LOS ANGELES – 17 April 2019 – The Internet Corporation for Assigned Names and Numbers (ICANN) is seeking participants for the Name Collision Analysis Project (NCAP) discussion group.

The NCAP discussion group, as defined by the Security and Stability Advisory Committee (SSAC) proposal and revised by ICANN's Office of the CTO, is an open and public group tasked with discussing issues pertaining to the work of the NCAP Study 1.

The NCAP Study 1 was authorized by the ICANN Board of Directors on 14 March 2019. The study will:

  • examine all prior work on the issue of name collisions and produce a summary report that brings forward important knowledge from prior work into this study, and which can act as a primer for those new to the subject.
  • create a list of data sets used in past studies, identify gaps, if any, and list additional data that would be required to successfully complete Studies 2 and 3.
  • decide if the project should proceed based on the results of the survey of prior work and the availability of data.

There are two ways to participate in the NCAP discussion group:

  • Individual participants – Participants are expected to actively contribute to mailing list conversations as well as meetings. Each potential participant will be required to provide a Statement of Interest (SOI) before gaining posting rights to the mailing list. It is anticipated that participants will provide essential input to the process.
  • Mailing list observers – The position of observer is for those only interested in monitoring the NCAP discussions. Observers are offered read-only access to the mailing list. At any point in time, a mailing list observer can join the NCAP discussion group as a participant simply by submitting a SOI.

To operate in a transparent manner, all mailing list exchanges are publicly archived. All participants are responsible for abiding by ICANN's Expected Standards for Behavior.

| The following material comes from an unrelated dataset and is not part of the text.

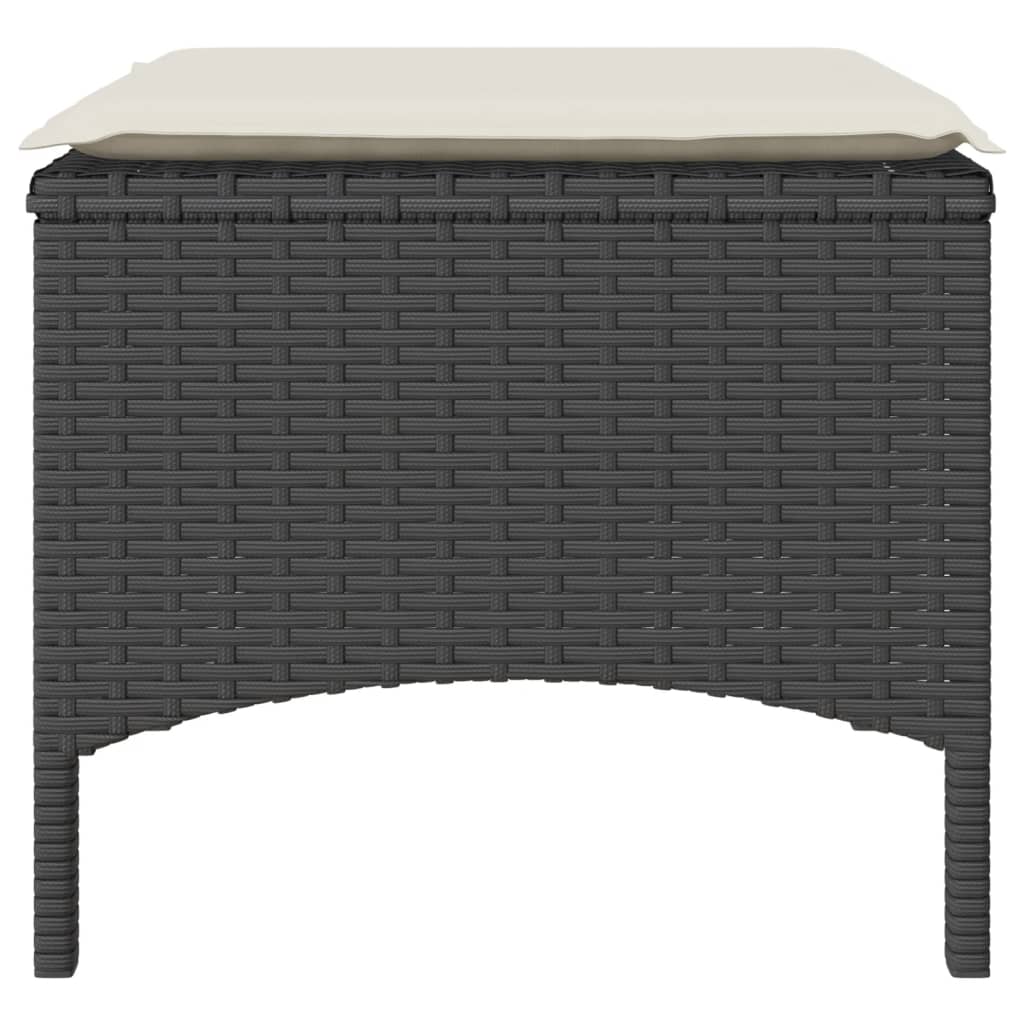 Tuinbank 2-zits met tafel en voetenbanken poly rattan zwart is nu te koop bij PeponiXL, paradijselijk wonen!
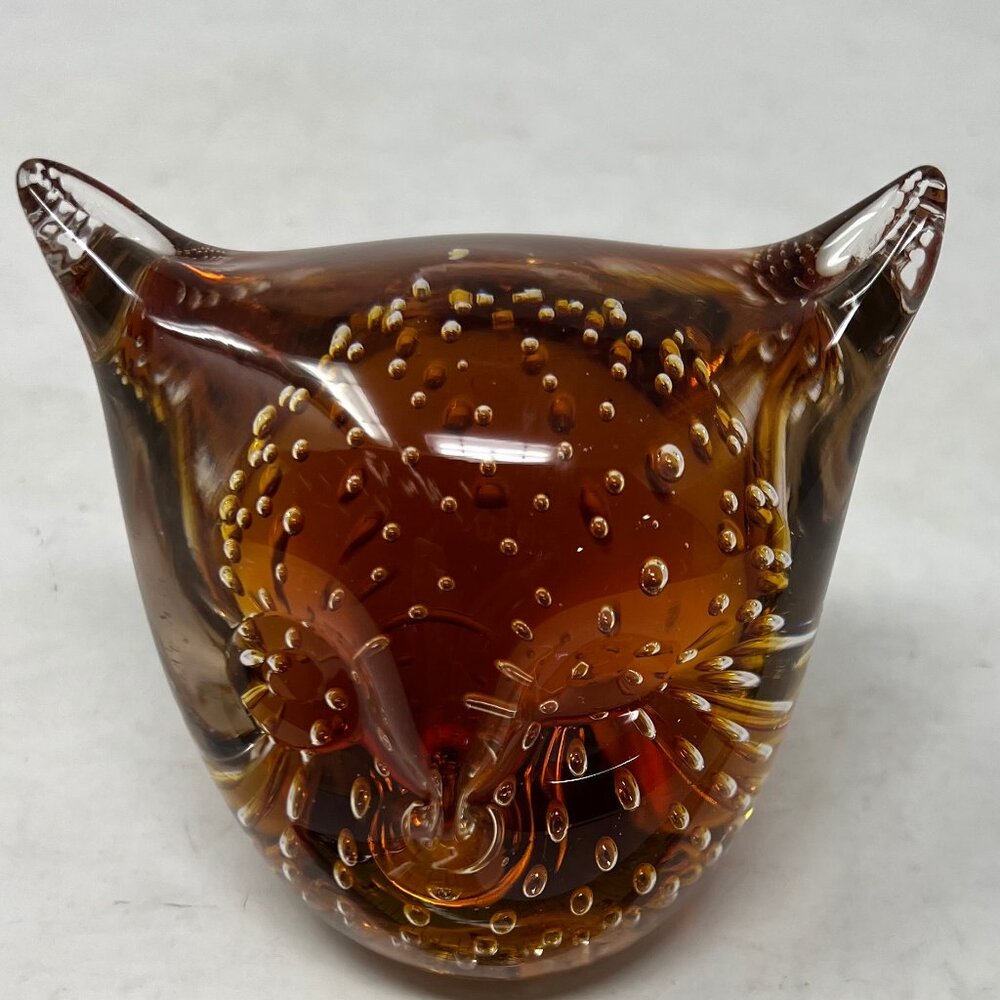Vintage Brown Owl Paperweight Controlled Bubbles Art Glass Unmarked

To join the Name Collision Analysis Project discussion group, please fill out the following questionnaire by 6 May 2019.


For more information on NCAP study 1, click here.

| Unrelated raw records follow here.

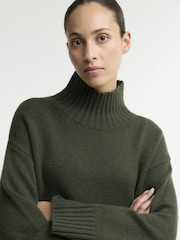 Barbour® Green Woodhouse Cashmere Blend Funnel Neck Knitted Jumper - Image 4 of 6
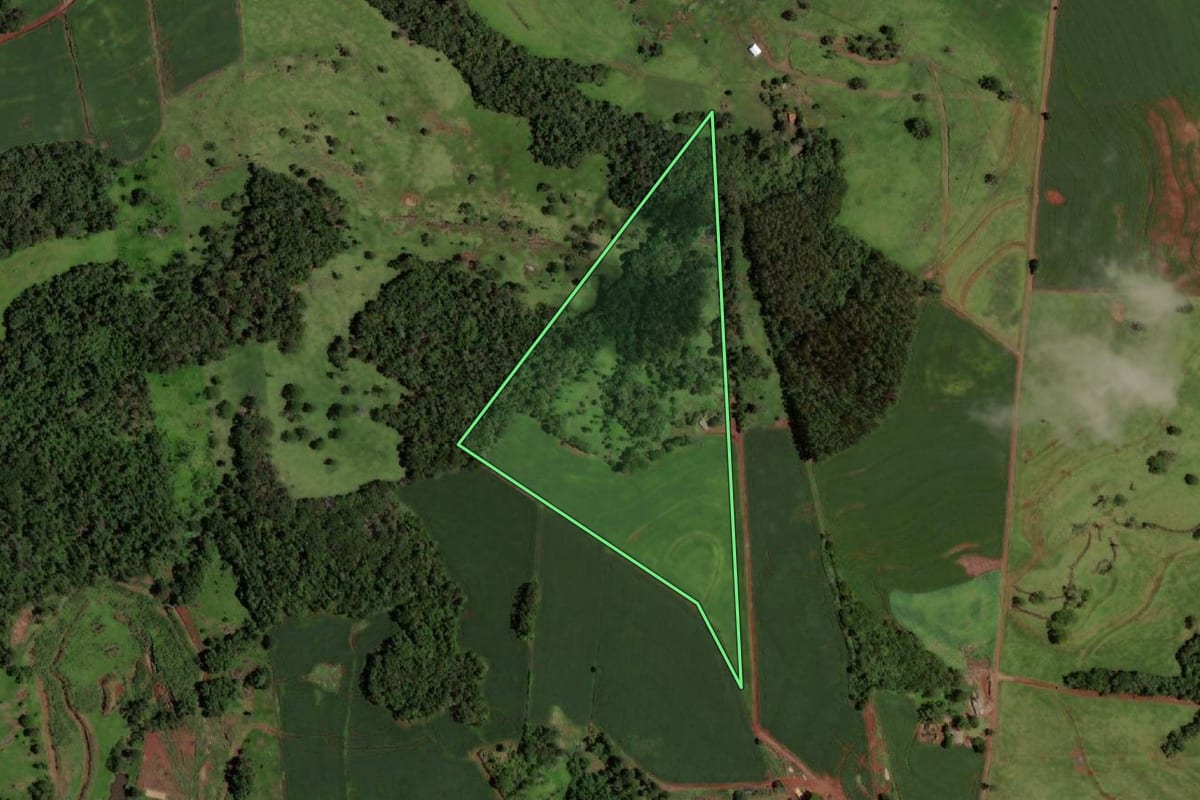 Imagem de satélite do imóvel rural em Capitão Leônidas Marques (PR), com o contorno declarado no CAR desenhado por cima.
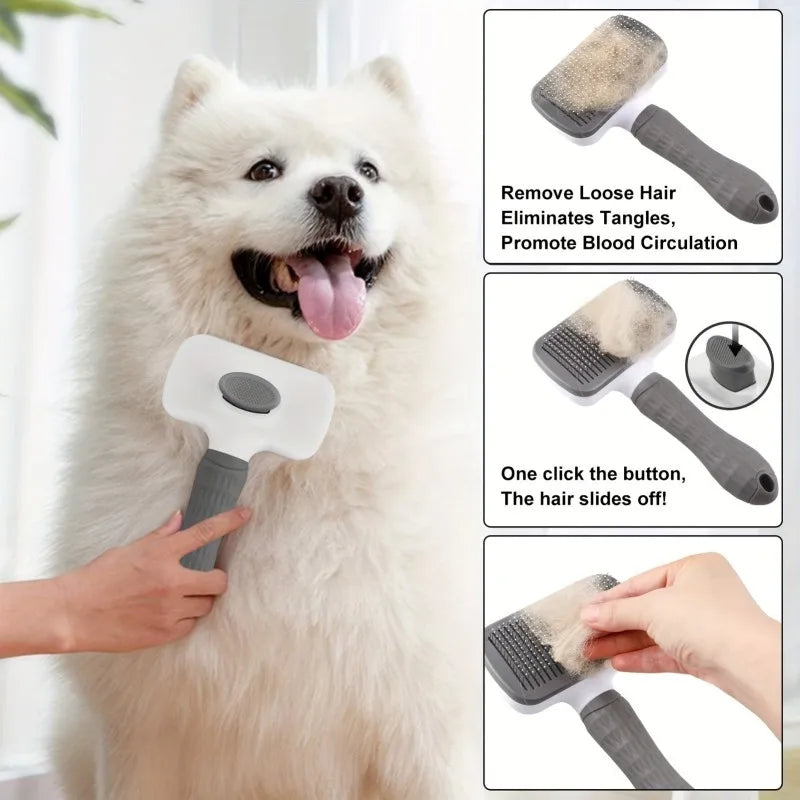 One-Click Pet Grooming Brush for Dogs and Cats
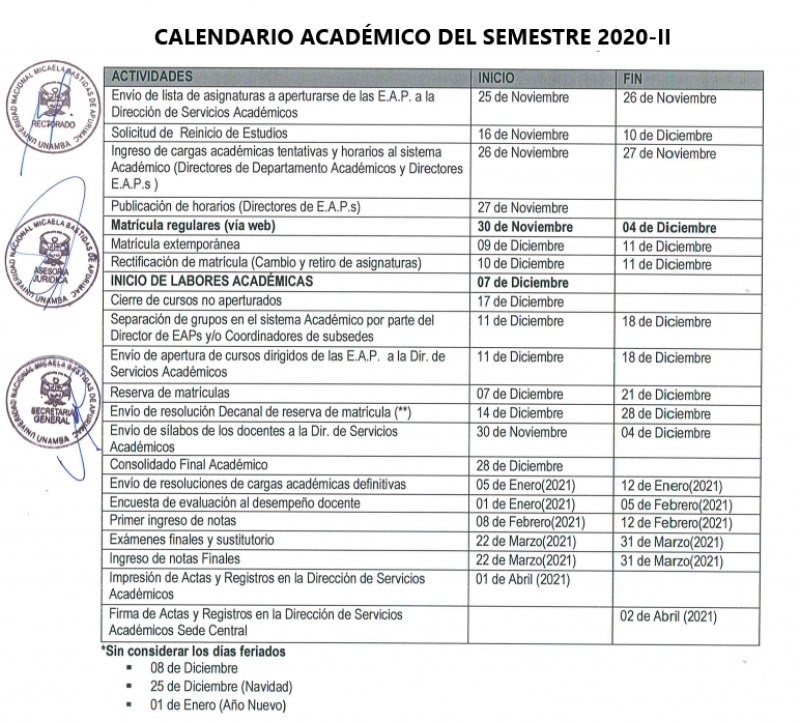 UNAMBA: APRUEBAN CALENDARIO ACADÉMICO DEL SEMESTRE 2020-II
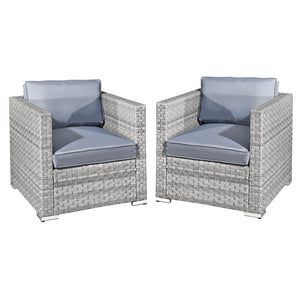 Oseasons® Malta Rattan 2 Seat Twin Chair Set in Dove Grey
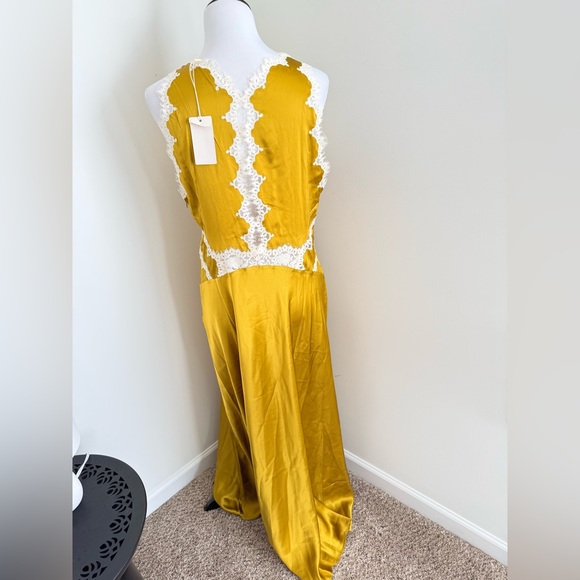 NWT DÔEN Odelina Dress Oakmoss Silk Satin Lace Trim Maxi Slip Dress XL - Picture 5 of 9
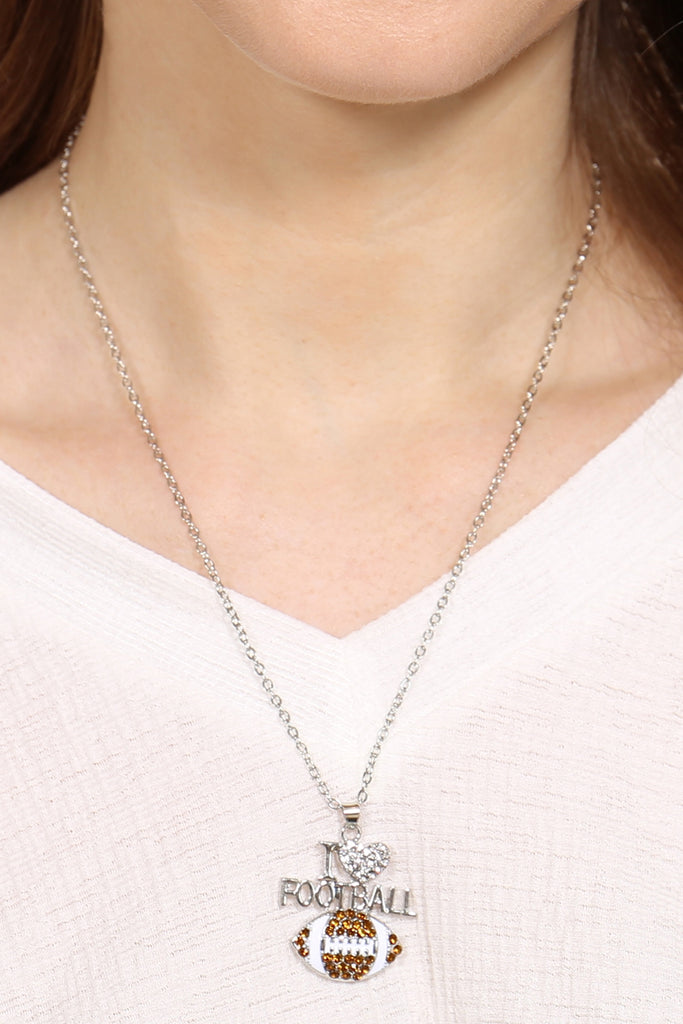 MYN1122 - "I LOVE FOOTBALL" RHINESTONE PENDANT NECKLACE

ICANN's mission is to help ensure a stable, secure, and unified global Internet. To reach another person on the Internet, you need to type an address – a name or a number – into your computer or other device. That address must be unique so computers know where to find each other. ICANN helps coordinate and support these unique identifiers across the world. ICANN was formed in 1998 as a not-for-profit public-benefit corporation with a community of participants from all over the world.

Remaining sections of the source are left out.